Yes, probably the best butternut squash recipe I've made. I followed the recipe pretty closely, and it was delicious--so rich and buttery. Using a towel on top of the blender is absolutely mandatory, though--I learned that once the hard way. :)
This is also a great recipe for the Magic Bullet if you use one. All (modified amounts) ingredients in except cream, microwave for 4 minutes, add cream and blend. Simple single serving recipe!!
AMAZING! I felt like I couldn't get it into my mouth fast enough! I used the other half of the squash to make fries, and served those together with grilled cheese. The BEST lunch I've had in a long time!
This was delicious. I love blending soups to make them creamy. This one had the right richness and sweetness mixture to it that it was so good.
It really is the Best Butternut Squash Soup Ever! Thanks!

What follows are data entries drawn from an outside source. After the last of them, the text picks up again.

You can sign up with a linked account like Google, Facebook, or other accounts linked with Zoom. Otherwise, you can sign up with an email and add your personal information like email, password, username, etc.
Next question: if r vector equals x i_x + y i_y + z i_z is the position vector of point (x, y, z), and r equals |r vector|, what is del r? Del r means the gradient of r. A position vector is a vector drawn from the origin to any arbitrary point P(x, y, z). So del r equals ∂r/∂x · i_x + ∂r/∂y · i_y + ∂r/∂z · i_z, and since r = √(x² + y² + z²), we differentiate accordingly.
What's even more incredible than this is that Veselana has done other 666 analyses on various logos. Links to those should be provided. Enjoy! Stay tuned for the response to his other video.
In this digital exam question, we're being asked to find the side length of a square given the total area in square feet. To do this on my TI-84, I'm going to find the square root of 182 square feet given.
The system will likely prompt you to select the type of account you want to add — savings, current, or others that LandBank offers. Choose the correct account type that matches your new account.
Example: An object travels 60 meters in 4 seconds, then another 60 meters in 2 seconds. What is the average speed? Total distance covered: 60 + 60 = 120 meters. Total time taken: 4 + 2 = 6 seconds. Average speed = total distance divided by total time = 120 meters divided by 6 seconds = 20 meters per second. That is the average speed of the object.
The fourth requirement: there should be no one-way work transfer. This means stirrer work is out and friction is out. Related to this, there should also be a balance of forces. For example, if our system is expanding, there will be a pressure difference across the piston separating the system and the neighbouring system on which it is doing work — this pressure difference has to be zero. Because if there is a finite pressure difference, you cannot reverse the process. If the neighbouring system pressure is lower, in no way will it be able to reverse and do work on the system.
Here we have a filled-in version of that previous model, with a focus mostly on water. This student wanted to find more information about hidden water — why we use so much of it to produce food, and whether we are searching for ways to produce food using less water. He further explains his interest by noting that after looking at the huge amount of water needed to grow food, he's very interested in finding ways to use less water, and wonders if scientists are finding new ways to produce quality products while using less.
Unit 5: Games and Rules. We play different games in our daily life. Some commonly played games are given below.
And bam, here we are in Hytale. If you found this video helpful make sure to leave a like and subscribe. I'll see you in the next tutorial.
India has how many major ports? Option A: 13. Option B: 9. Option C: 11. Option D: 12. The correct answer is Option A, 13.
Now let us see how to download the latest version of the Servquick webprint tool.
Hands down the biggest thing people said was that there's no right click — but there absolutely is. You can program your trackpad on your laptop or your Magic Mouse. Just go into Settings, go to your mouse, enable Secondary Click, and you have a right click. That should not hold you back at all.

This is fantastic! I doubled the recipe but thought it was too watery so I let it boil down a bit. I also cooked the squash in the microwave like you would a potato (stabbed it 15-20 times). It was much easier than cutting a hard raw squash! Hope you enjoy...I certainly did.
I loved this soup for a dreary fall evening. Even my two and three year olds loved it! I did add a bit of heavy cream for an extra rich flavor, but otherwise I followed the recipe. It's super easy to make and it makes a really yummy meal!
This is great. I added an apple to add to the sweetness... yummy.
I give this four stars because I am sure it at least deserves that. I did make some changes on how I made my soup but it was this recipe that got me started.
This has great flavor and consistency; I used a hand-held mixer to smooth it out, after which it was perfect. Terrific for canning!